The rental cars at BNA are stored in an awkward little lot located on a steep hill behind the terminal. I found my assigned vehicle and had to gun the engine to make my way up the slope to the exit. The exit from the airport was strange and awkward. It was definitely the back way to the place. That was actually good, though, because it let out on Donnelson Road and Harding Place, the location of the motel I'd be staying at on the end of this trip. I was pleased to scope out that place (and find it was only 5 or 10 minutes from the airport) as I made my way to the freeway.
I exited onto I-24, an immense and incredibly busy interstate. While I was nowhere near downtown, the freeway was eight lanes wide, and it stayed that way as I passed through suburb after suburb after suburb. There was lots of traffic, but it cruised right along at almost exactly the 70mph speed limit. Eventually I crossed highway 840, the brand new "outer belt" they've built about forty miles out from the Grand Ole Opry. I-24 narrowed to four lanes there, and I entered Murfreesboro, which is essentially the end of metropolitan Nashville.

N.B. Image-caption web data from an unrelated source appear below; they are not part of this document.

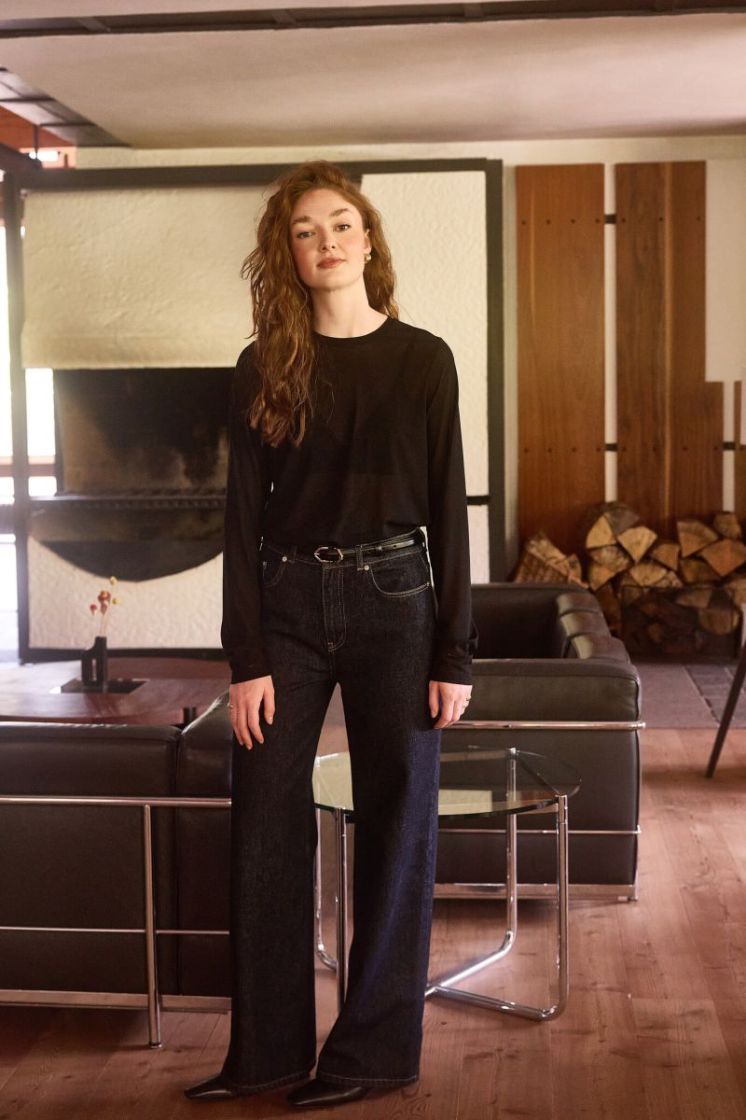 LOES BLACK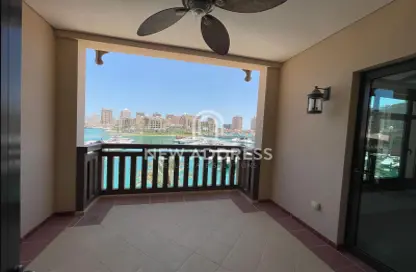 Townhouse - 2 Bedrooms - 3 Bathrooms for rent in Tower 12 - Porto Arabia - The Pearl Island - Doha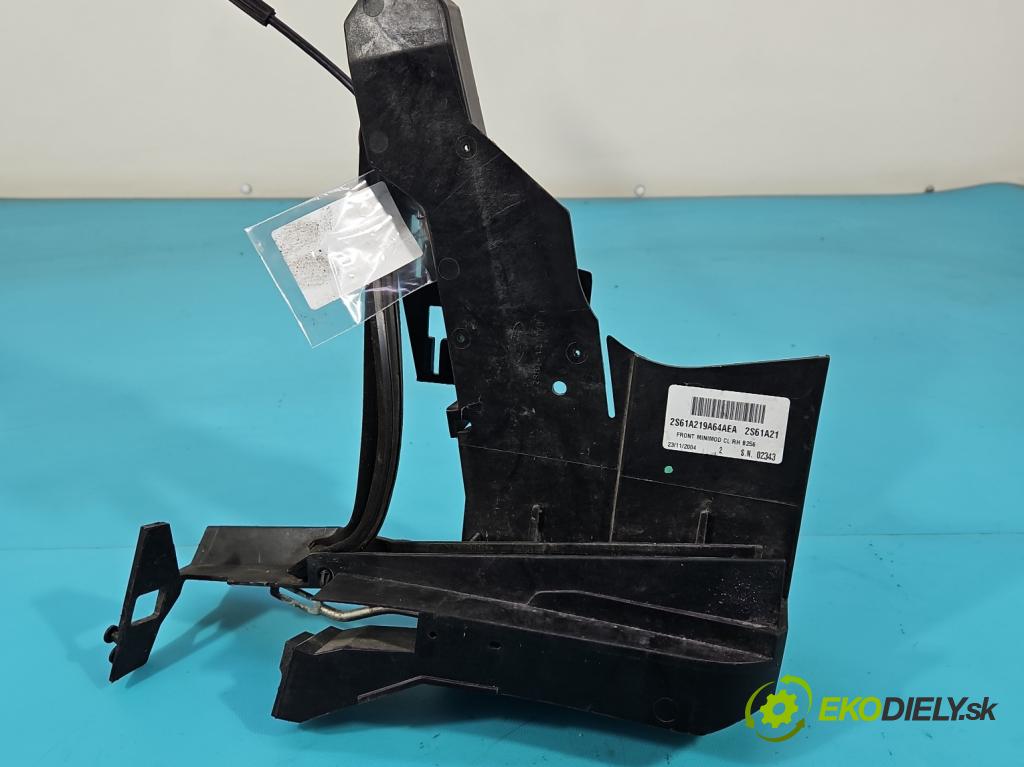 Ford Fiesta Mk6 2002-2008 1.4 tdci 68 hp manual 50 kW 1399 cm3 5- zámek přední pravý 2S61A219A64AEA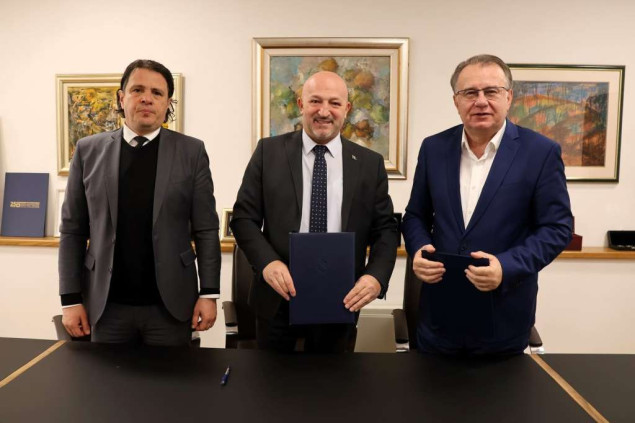 Nikšić i Kurtović potpisali Sporazum o osnovici i bodu za obračun plaća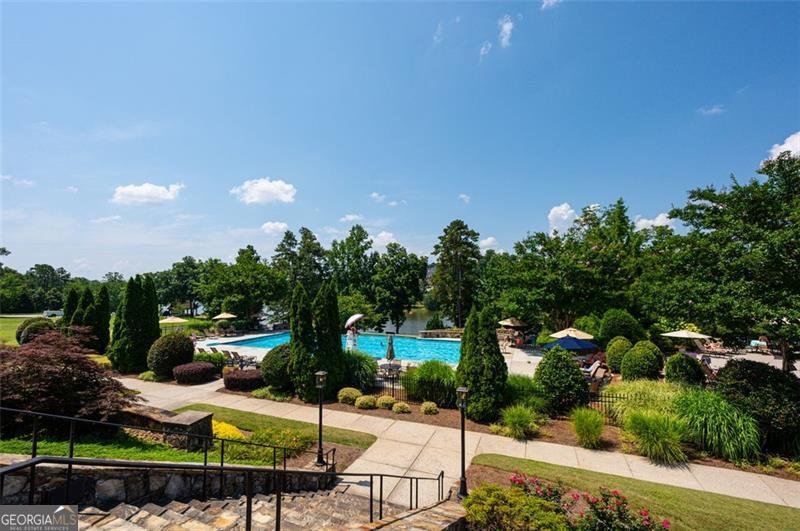 6863 LAKE STERLING Flowery Branch - 40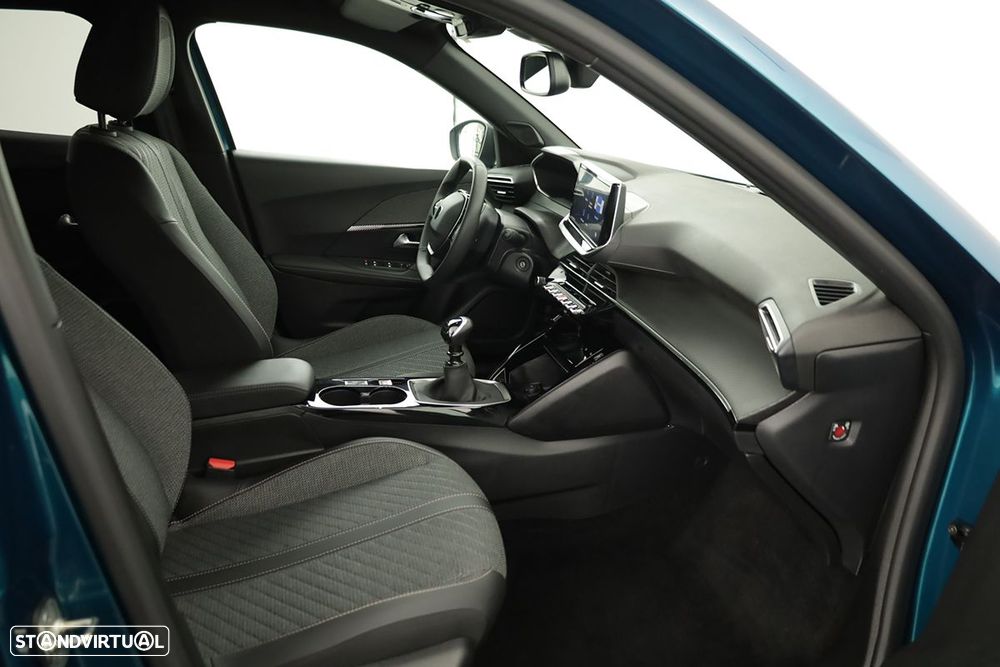 Peugeot 2008 1.2 Allure - 22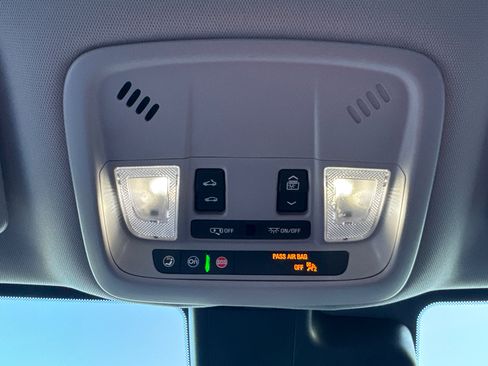 Used 2024 Chevrolet Malibu LT image 11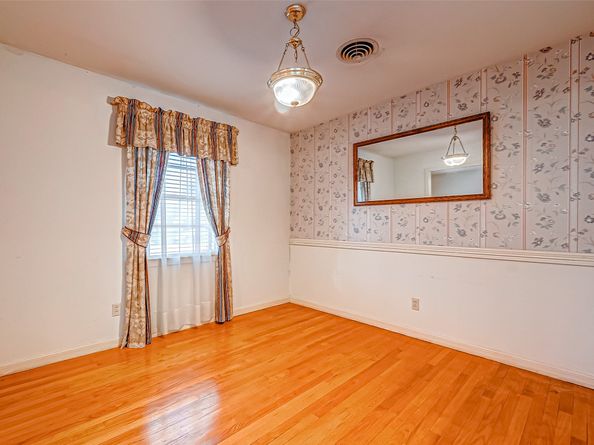 6730 Lindyann Lane, Houston TX 77008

I turned off onto US 231 at Murfreesforo and followed an alleged "scenic route" south from there. I've traveled across Tennessee on at least four different U.S. highways now, and they're all pretty much the same. Far from scenic, they're basically suburban strips all the way across the state. Murfreesboro, Shelbyville, and Fayetteville are each twenty-five miles from the next on the map, and none of them appears all that big. They're essentially one big strip of a city, though. Coming from the Midwest, my brain thinks towns should have definite beginnings and ends. That's definitely not the case further east, though. It's only about 65 miles from Murfreesboro down to the Alabama border, but it took about an hour and a half to make the drive-with most of it on a four-lane highway. Only the final stretch around Fayetteville had anything interesting to look at (the foothills of the Appalachian Mountains); the interstate was far more scenic.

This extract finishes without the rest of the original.